Fits in trunk of smart car
Relatively obscure though recumbent bicycles are, many people appreciate the ergonomic and aerodynamic advantages of the quirky two-wheelers. If quirkiness is your thing, however, then a recumbent tricycle might be even more to your liking. Not only do they look pretty sharp, but they’re also more stable than the bicycles. Unfortunately, however, most of them are also quite cumbersome to transport – can you imagine trying to carry one up a flight of stairs, or fit it inside a car? Fortunately, there are some recumbent trikes that fold up. One in particular has been lighting up the recumbent forums lately, as it folds very small, very fast.
The new, as-of-yet unnamed folding tricycle is made by Australia’s Evolve Trikes.
According to the company, some existing folding recumbent trikes have been able to fold small, fold fast, fold without having to come apart, or fold without the use of tools, but none have been able to do all four – until now.
The Evolve trike can reportedly be folded into the back of a smart car (the litmus test for whether or not things are small) in under 13 seconds, or into an oversize suitcase in about 18 seconds – in that case, with the back wheel removed.
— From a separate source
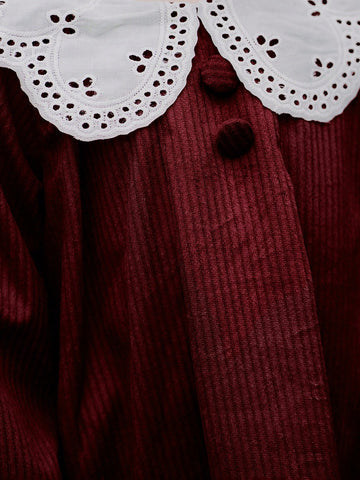 Vintaside Kids Young Girl Casual Color Block Hollow Embroidered Collar Dress, Autumn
If you just want to fold it part way, enough to get it through a doorway, that can be done in six seconds.
Its footprint when folded is said to be little more than that of a standing person, and it can still be wheeled when folded, so users don’t have to lift it when on flat ground.
Many people are leery of any kind of folding bicycle, as they don’t want the things to fold on them as they’re riding. In the case of the Evolve trike, this apparently shouldn’t be a problem. It uses self-reinforcing compound hinges, that close under rider weight and pedal force. Its frame is said to be as rigid as a non-hinged frame, and stable even at speeds of over 50 mph (80.5 km/h).
Unfortunately, as with so many other enticing-sounding things, you can’t buy one yet. The Evolve folks are still experimenting with different parts configurations and wheel sizes, to determine what should ultimately go to market. While one of their prototypes currently weighs in at 40 pounds (18 kg), they state that this weight should drop for the final version.